Theodore Roosevelt once said, “Nobody cares how much you know, until they know how much you care.” You have undoubtedly heard this saying many times. While it’s true, it often leaves us with the question, “So how do I practically show them that I care?” You can tell your students time after time that you care about them, but they will never realize it until they see it. That’s where relationships come into play. If you want your small group students to have a growing relationship with Christ, your example should lead the way. So how can you build a relationship with your students that points them to Jesus? Here are three practical steps.
1. Active Listening – There is a big difference between hearing your students and listening to them. Ask your students quality, open-ended questions, and then let them answer. Don’t interrupt them! Instead, listen to every word they have to say. Watch their body language and facial expressions. Listen to their emotions, and don’t think about your response until they are done talking. Show them that you are listening by nodding, making noises that show interest, and keeping eye contact. Not only will you learn more about your students this way, but they will enjoy having someone that they can talk to.

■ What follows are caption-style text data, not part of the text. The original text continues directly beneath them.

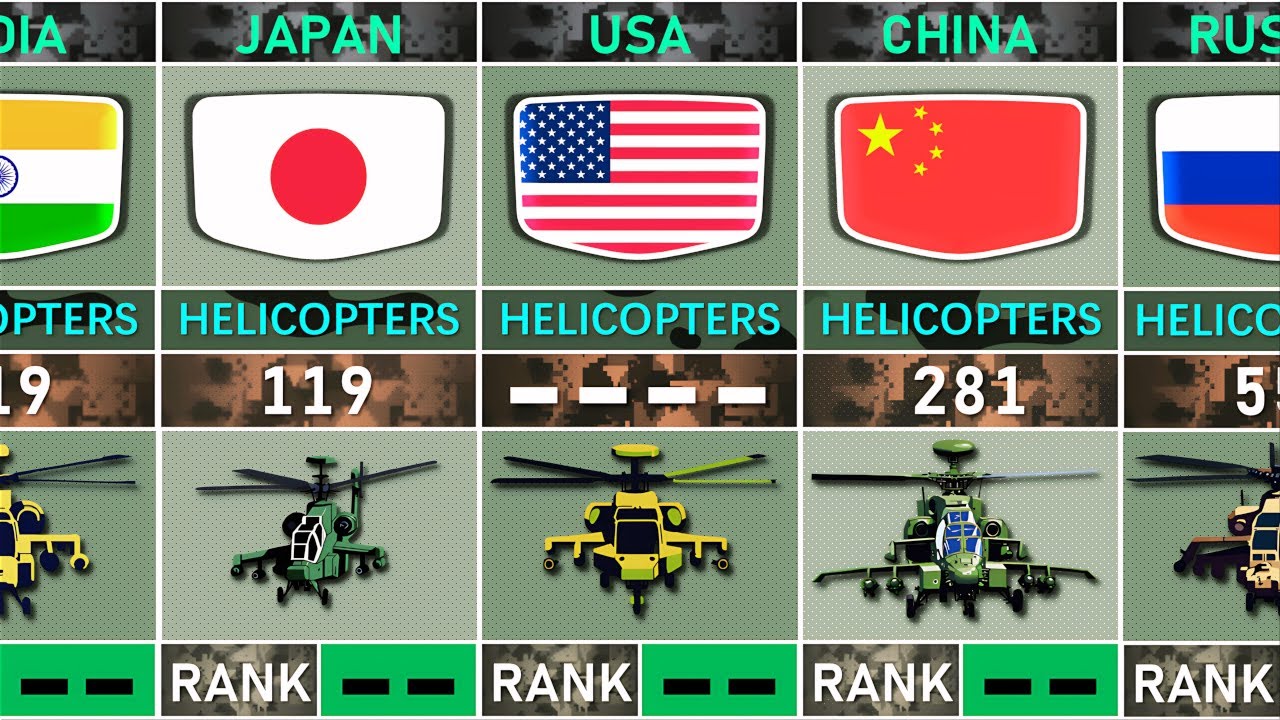 Attack Helicopter Fleet Strength By Country | 2025 Country Ranking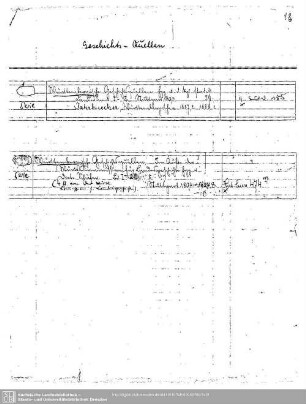 Geschichts-Quellen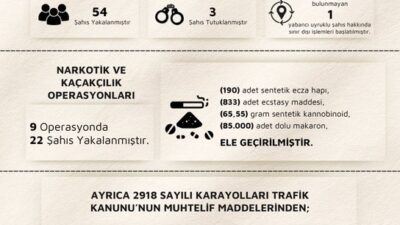  Çankırı Valiliği, İl Emniyet Müdürlüğü ve İl Jandarma Komutanlığı tarafından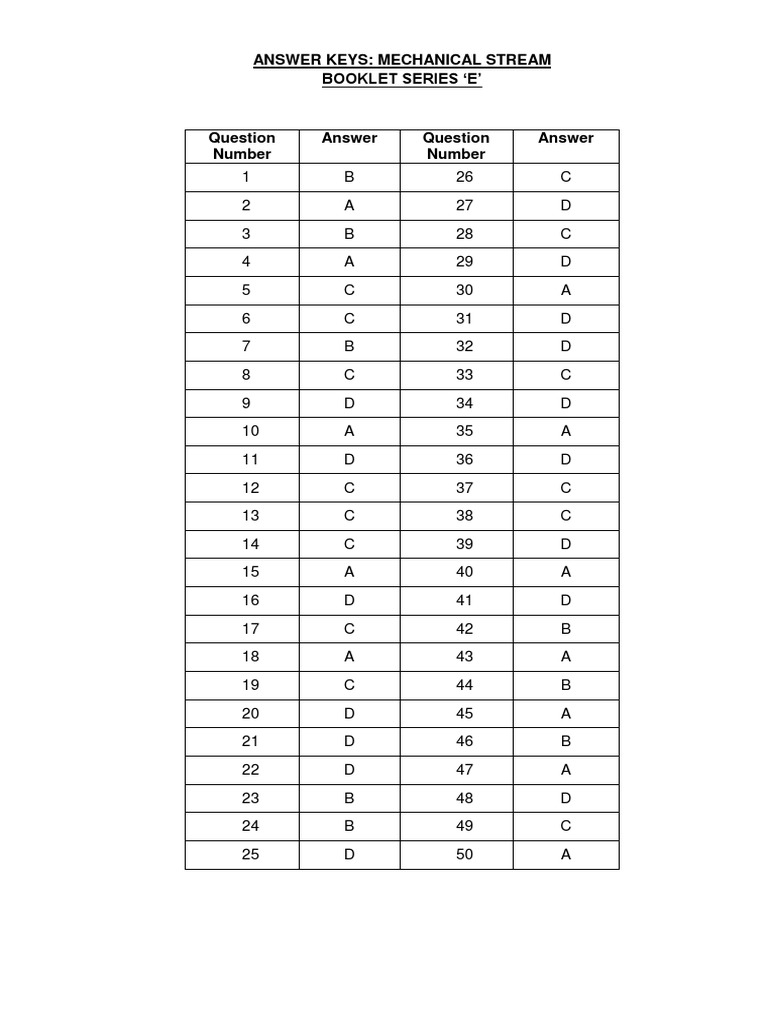 AFCAT EKT Answer Keys for Streams | PDF | Science And Technology ...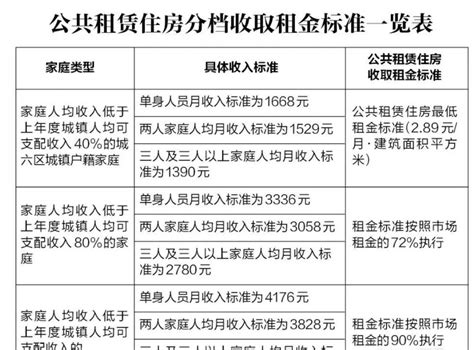 “10万以上都不让进”男子开迈巴赫去公租房遭拒绝，理由逗乐车主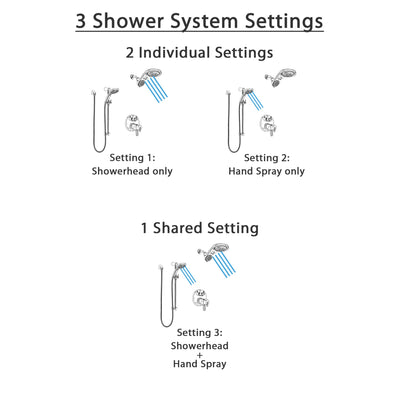 Delta Trinsic Chrome Finish Shower System with Dual Thermostatic Control Handle, Integrated Diverter, Dual Showerhead, & Temp2O Hand Shower SS27T8598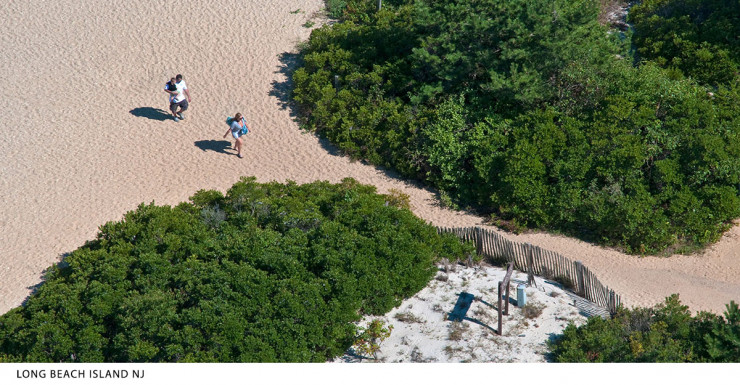 The Perfect Beach Close to Bergen County for Any Occasion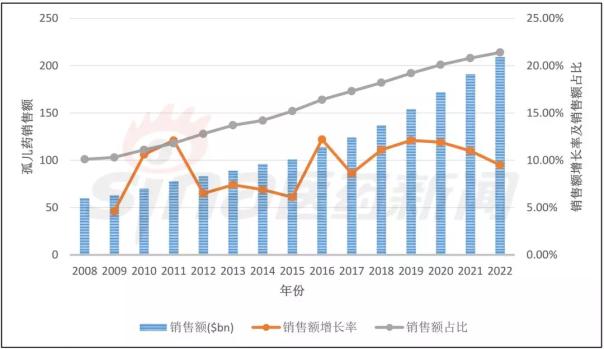 南宫·NG28(China)官方网站-登录入口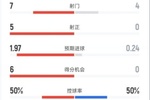 纽卡半场2-0切尔西数据：射门7-4，射正5-0，控球率50%-50%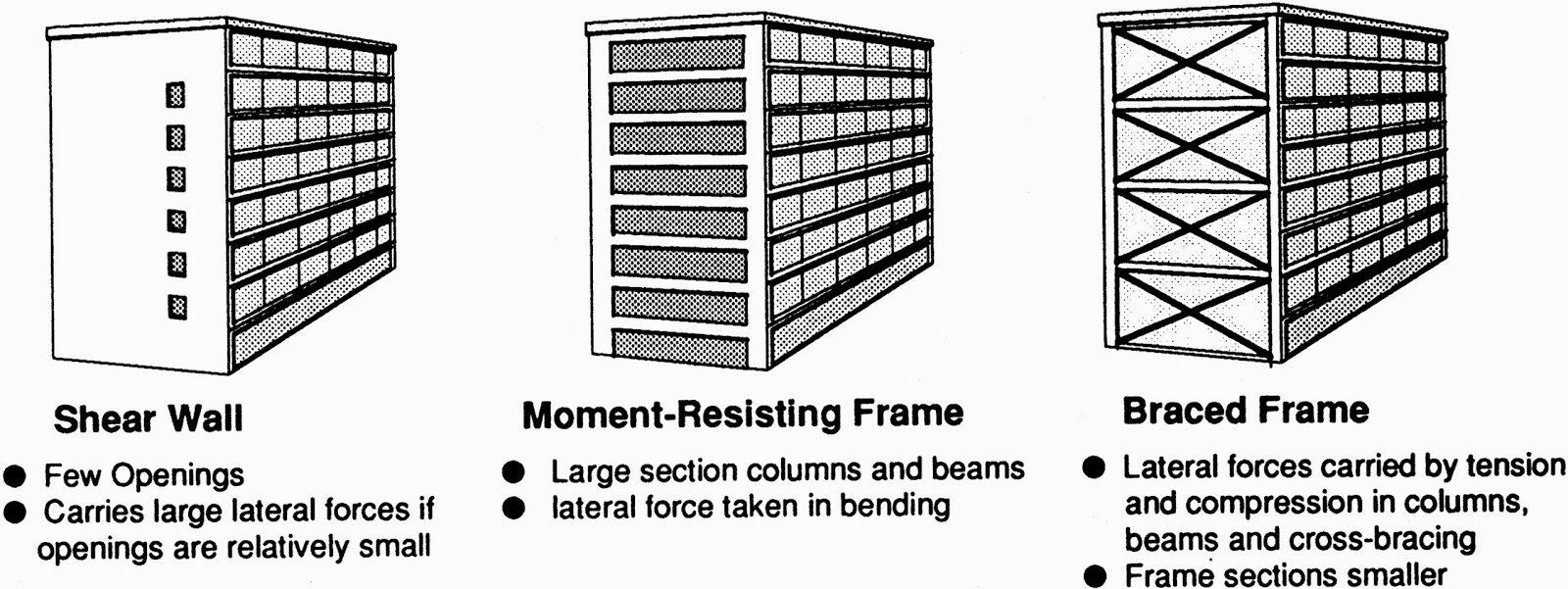 type of frame used shear wall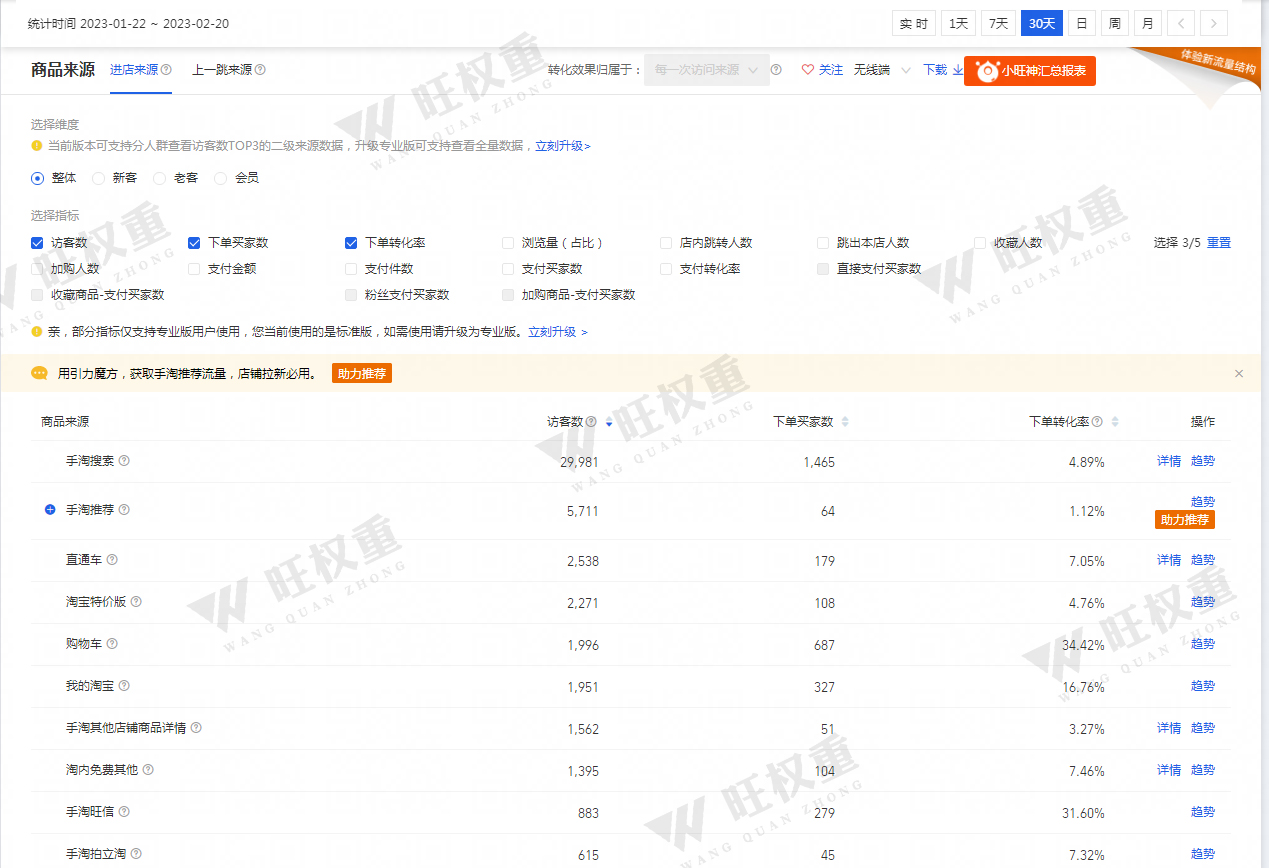 排名提升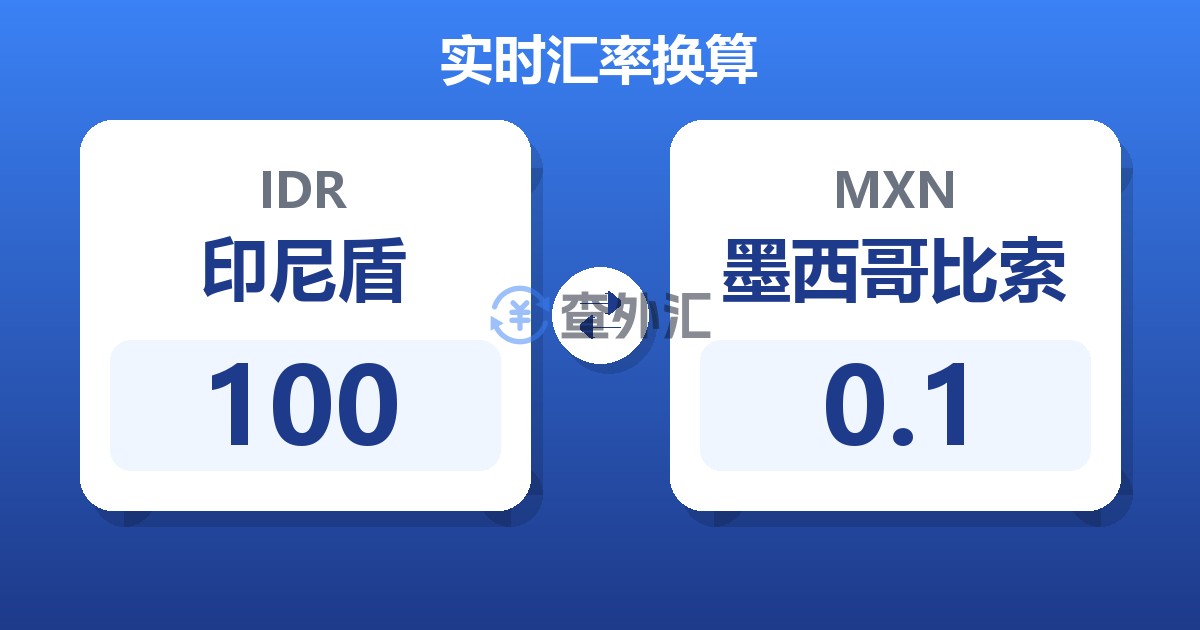 100印尼盾兑墨西哥比索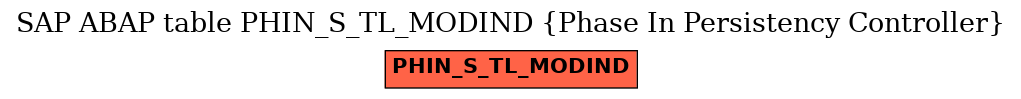 E-R Diagram for table PHIN_S_TL_MODIND (Phase In Persistency Controller)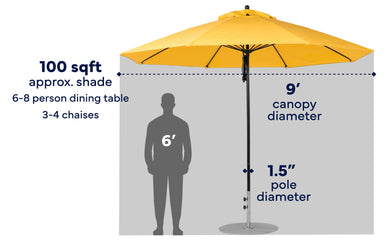 Ledge Lounger Premier 11' octagon pool umbrella size and shade diagram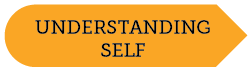 Understanding Self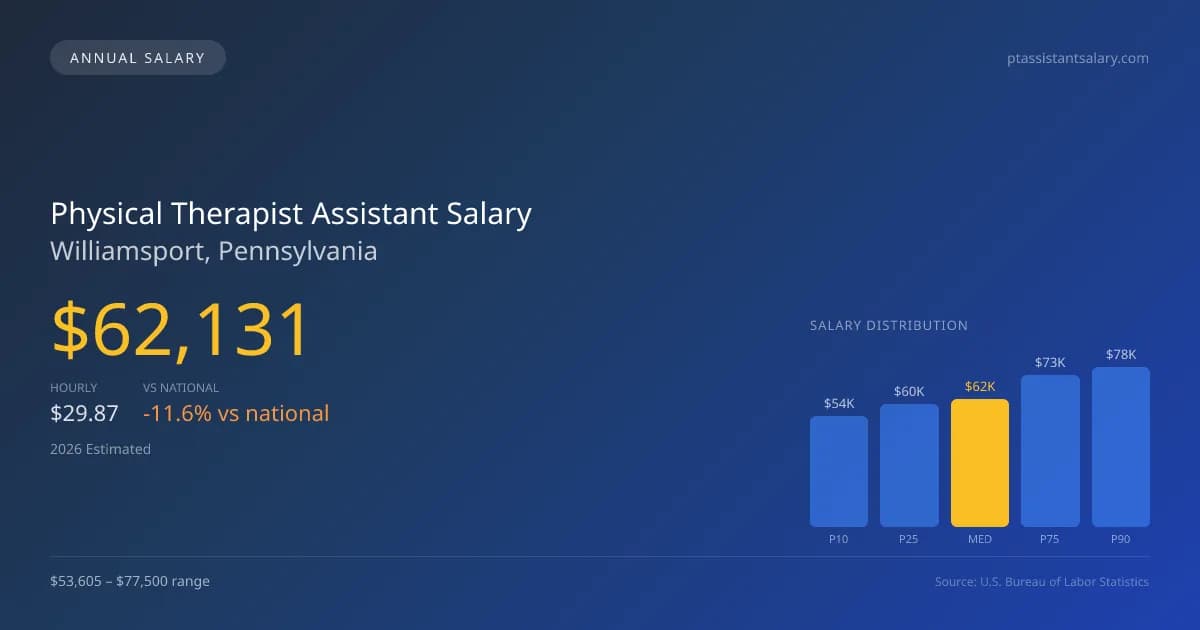 Physical Therapist Assistant Salary in Williamsport, PA โ 2026 est., based on 2025 BLS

2. Interactive Accountability – As your students share details about themselves, you are going to learn areas in each student that need to change and grow toward Christlikeness. This is where you get to show your students how you care about them. You want them to grow to love Christ, look like Christ, and obey His teachings. When you find these areas of growth, create attainable and measurable goals for them to strive toward. Interact with them on a regular basis as they pursue these goals. When they fall short, encourage them along. Once they reach a goal, celebrate, and then challenge them to go a step further! Remember, consistency in this is key to showing that you care about their spiritual maturity.
3. Proactive Engagement – Your students will have no idea how much you care about them if they only see you and hear from you during church and youth group. Send encouraging text messages and notes in the mail. Go to their extracurricular activities. Cheer them on if they play a sport. See their school play or band concert. Invite your small group students to your house for meals or game nights. Schedule times for you and your small group students to fulfill service opportunities together. Do not wait for your students to ask you about getting together. Be proactive and create opportunities for you to spend time with your students which will help build relationships.
Remember that your purpose in all of this is not just to check off a box with your students. The purpose is to build a relationship that gives you the opportunity to point them toward Christ.